Use generic representation (e.g. <1>...</1>) for the inline codes — Set this option to output the HTML report using a generic representation for inline codes (e.g. <1>...</1>
. If this option is not set, the output uses the original code whenever possible. Note that some formats may have long and complicated original codes.
Open the first HTML output after completion — Set this option to open the first HTML result file created when the process is completed.
Generate a TMX output document — Set this option to create one single TMX document that contains all the translations compared and their scores, for all input documents. You can use the variables ${rootDir}
and ${inputRootDir}
, as well as any of the source or target locale variables (${srcLoc}
, ${trgloc}
, etc).
Enter the full path of the TMX document to generate.
Suffix for the target language code of the document 2 — Enter the suffix to append to the target language code for the second set of target entries. For example, enter -mt
to indicate that the second target language is a machine-translation generated text. If you do not enter a suffix, the language code for both target entries will be the same and the TMX document will include only the last one.
Suffix for the target language code of the document 3 — Enter the suffix to append to the target language code for the third set of target entries.
Use alt-trans for document 1 — Set this option if the document 1 is an XLIFF file and you want to use as the base target the target of a given <alt-trans>
element. This option is to, for example, compare the human translation done by a linguist in a XLIFF file with the MT candidate that was provided for the same entry: You simply specify the same file for both document 1 and 2.
Value of the original attribute — Enter the value of the original
attribute of the <alt-trans>
element that should be used. If no element is found for a given trans-unit, that trans-unit will not be include in the report.
Label for the document 1 — Enter an optional label that is used in the report to label the base translation.
Label for the document 2 — Enter an optional label that is used in the report to label the second translation.
Label for the document 3 — Enter an optional label that is used in the report to label the optional third translation.
Take into account case differences — Set this option to take into account case differences when calculating the scores.

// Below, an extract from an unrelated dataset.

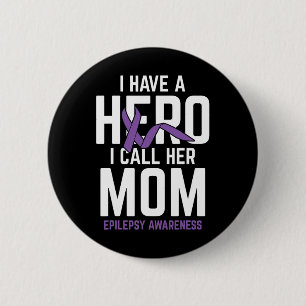 Hero Mum Epilepsy Epilepsy Awareness Epilepsy Pati 6 Cm Round Badge
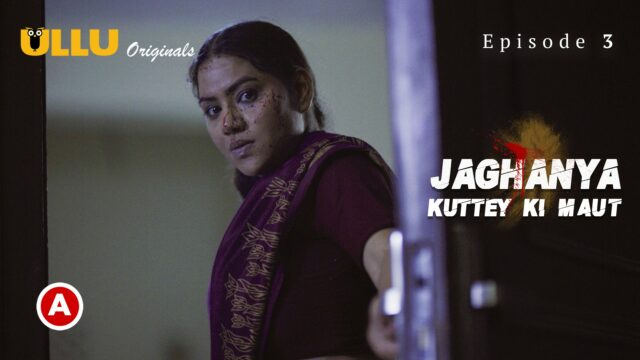 Jaghanya (Kuttey Ki Maut) S0 E3 – 2022 – Hindi Hot Web Series – UllU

Take into account white-space differences — Set this option to take into account white-space differences when calculating the scores.
Take into account punctuation differences — Set this option to take into account punctuation differences when calculating the scores.
Append the average results to a log — Set this option to append the average scores for each document at the end of a log file. Enter the full path of the log file.
The log file created is a tab-delimited file in UTF-8 with the following fields: Time stamp in UTC, path of the base document, path of the second document, edit-distance score, fuzzy score. For example:
2013-04-01 16:09:14+0000 /C:/myProject1/machine.tmx /C:/myProject1/human.tmx 93.75 96.50
Limitations
- None known.